In later years, it could raise $15 million annually, far less than backers had hoped.
Even environmental advocates say the gas guzzler tax and the gas "sipper" rebates are so small they're unlikely to affect car-buying habits in any significant way.
"We had a good concept that simmered too long -- that happens," said Nita Settina, a lobbyist for the Chesapeake Bay Foundation, which supported the measure. "It was unnecessarily and almost fatally watered down."
Beginning with 1993 models, car buyers will face a flat $100 guzzler surcharge when they buy a new car that has an Environmental Protection Agency mileage rating of less than 21 miles per gallon. They will get a flat $50 rebate if their new car gets more than 35 mpg.
In two years, the standards become slightly tougher: a $50 penalty for every mile per gallon under 27 on 1995 or later models and a $50 rebate for every mile per gallon over 35.
But there's a big catch: a 1 percent cap on both the tax and the rebate. That means a high-mileage wonder like the Geo Metro, which gets 47 mpg, will qualify for only a $100 rebate because it costs less than $10,000.
Conversely, the Chevrolet Caprice, a full-size sedan that averages only 20 mpg with its 5-liter, V-8 engine, would face no more than a $200 tax because it sells for less than $20,000.
Car dealers say the net result will be consumer confusion and more paperwork for them.
"It's a useless bill," said Robert D. Suddith, owner of several Hagerstown car dealerships. "You have to be a Philadelphia lawyer to figure it out. It's just another thing that'll have to be explained to the consumer."
Alan D. Abramson, owner of Archway Ford in Baltimore, is skeptical that the small incentives will sway consumers anyway. "It just seems to be an annoying thing, and it sends the wrong message when the car industry is having its own difficulties."
Pickup trucks are exempted, and passenger vans -- including the popular General Motors minivans manufactured on Broening Highway in Baltimore -- will probably be excluded as well when the Department of Transportation finishes its regulations. The law is not expected to apply to used cars built before the 1995 model year.

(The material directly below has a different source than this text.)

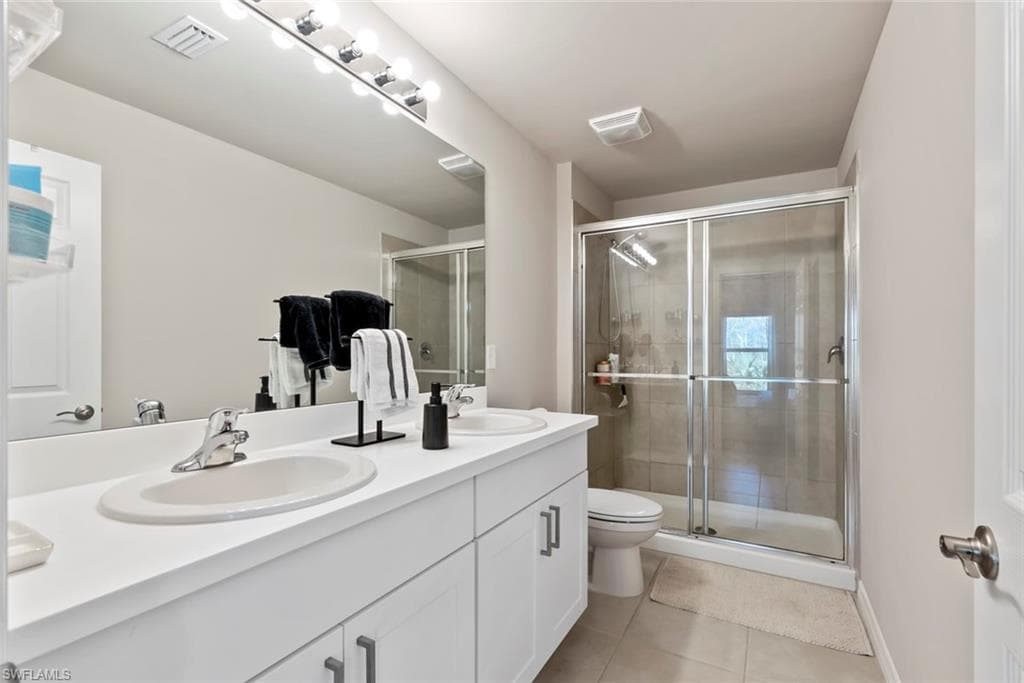 15527 Wildflower Cir, Naples, FL 34119-21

The legislation looks downright wimpy when compared with the federal government's 12-year-old gas guzzler law, which penalizes manufacturers and importers up to $7,700 for each car they market that gets less than 22.5 mpg.
Opponents of the Maryland law were incensed by how the measure was passed. Soundly defeated by the House Ways and Means Committee, it was resurrected by the House leadership and tied to a proposed gas tax increase in the waning days of the session.
Once it was included in that tax plan, there was little opportunity to debate the plan's merits. Instead, Senate leaders chose to weaken it -- adding such things as the phase-in and the 1 percent cap.
"The legislation never should have been passed," said Sen. Laurence Levitan, chairman of the powerful Senate Budget and Taxation Committee. "The Senate did not like it, to say the least, but we made it harmless enough."
Even supporters concede there is a minimal effect for the first two years. But by fiscal 1995, gas guzzler taxes are expected to raise $7 million for the state and $14 million to $15 million in the following years.
That is still far short of what they had originally hoped. Legislators wanted to use guzzler revenues to help pay for Prince George's and Montgomery counties' share of operating costs for Washington's Metro rail and bus system -- about $21.4 million next year. The state already subsidizes Baltimore's Mass Transit Administration operating costs.
The Transportation Department will have to make up the difference from other sources, including a one-time, $48 million windfall when the Motor Vehicle Administration converts from annual to biennial registrations this year. In the long term, the money will come from gasoline taxes, including a 5-cent-per-gallon increase that goes into effect May 1.